» **Assignment**
Copy out, from the data below, each line in which the word "Wood" occurs.

» **Supplied material**
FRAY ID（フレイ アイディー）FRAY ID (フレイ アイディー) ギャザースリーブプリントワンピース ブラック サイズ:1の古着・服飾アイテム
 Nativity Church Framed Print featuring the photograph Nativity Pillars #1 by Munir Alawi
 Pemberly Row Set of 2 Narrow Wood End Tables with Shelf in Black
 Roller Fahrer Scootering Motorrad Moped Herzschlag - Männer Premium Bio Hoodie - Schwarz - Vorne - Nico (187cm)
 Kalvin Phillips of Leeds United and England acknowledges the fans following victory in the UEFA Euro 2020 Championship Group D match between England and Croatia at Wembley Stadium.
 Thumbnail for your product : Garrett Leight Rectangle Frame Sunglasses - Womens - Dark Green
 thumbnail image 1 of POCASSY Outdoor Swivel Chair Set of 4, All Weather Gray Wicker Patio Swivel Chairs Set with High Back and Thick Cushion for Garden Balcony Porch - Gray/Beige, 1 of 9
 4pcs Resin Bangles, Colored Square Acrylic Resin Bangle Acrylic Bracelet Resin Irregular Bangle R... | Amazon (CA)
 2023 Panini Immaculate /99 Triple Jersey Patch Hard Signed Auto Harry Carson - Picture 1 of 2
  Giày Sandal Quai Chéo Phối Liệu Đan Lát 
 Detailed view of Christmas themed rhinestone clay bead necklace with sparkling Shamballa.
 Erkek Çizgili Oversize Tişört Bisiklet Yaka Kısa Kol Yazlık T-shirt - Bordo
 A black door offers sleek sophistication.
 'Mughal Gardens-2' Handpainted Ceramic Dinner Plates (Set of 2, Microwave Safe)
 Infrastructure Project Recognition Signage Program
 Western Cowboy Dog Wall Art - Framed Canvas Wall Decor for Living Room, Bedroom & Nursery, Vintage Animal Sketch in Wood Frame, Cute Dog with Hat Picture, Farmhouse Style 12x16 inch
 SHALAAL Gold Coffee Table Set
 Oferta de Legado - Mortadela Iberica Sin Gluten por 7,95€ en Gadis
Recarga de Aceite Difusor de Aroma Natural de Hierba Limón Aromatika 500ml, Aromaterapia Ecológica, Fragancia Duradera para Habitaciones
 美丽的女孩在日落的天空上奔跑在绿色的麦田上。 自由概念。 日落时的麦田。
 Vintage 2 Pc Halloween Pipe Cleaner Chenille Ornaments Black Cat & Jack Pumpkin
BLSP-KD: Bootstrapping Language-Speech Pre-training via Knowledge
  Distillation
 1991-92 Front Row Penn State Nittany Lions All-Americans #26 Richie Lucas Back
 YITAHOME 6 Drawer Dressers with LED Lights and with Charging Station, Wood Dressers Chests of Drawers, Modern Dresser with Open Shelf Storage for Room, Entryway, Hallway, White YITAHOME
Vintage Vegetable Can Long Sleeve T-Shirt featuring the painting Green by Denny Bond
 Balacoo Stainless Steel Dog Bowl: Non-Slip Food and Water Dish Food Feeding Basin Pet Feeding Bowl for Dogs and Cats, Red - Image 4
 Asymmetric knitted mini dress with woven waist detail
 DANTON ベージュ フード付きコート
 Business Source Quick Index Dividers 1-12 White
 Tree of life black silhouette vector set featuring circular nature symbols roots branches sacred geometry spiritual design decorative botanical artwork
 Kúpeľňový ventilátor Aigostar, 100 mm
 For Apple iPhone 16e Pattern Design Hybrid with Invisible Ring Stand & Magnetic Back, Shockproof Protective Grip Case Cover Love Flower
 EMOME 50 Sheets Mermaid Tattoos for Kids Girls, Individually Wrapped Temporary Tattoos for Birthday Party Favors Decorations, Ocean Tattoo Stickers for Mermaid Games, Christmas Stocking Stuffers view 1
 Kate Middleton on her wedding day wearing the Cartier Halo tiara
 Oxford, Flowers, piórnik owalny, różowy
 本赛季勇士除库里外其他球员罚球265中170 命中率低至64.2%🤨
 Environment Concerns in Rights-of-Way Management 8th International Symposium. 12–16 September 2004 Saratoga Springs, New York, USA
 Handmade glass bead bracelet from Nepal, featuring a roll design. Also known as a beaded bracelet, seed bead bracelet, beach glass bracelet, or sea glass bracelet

» **Solution for this task**
 Pemberly Row Set of 2 Narrow Wood End Tables with Shelf in Black
 Western Cowboy Dog Wall Art - Framed Canvas Wall Decor for Living Room, Bedroom & Nursery, Vintage Animal Sketch in Wood Frame, Cute Dog with Hat Picture, Farmhouse Style 12x16 inch
 YITAHOME 6 Drawer Dressers with LED Lights and with Charging Station, Wood Dressers Chests of Drawers, Modern Dresser with Open Shelf Storage for Room, Entryway, Hallway, White YITAHOME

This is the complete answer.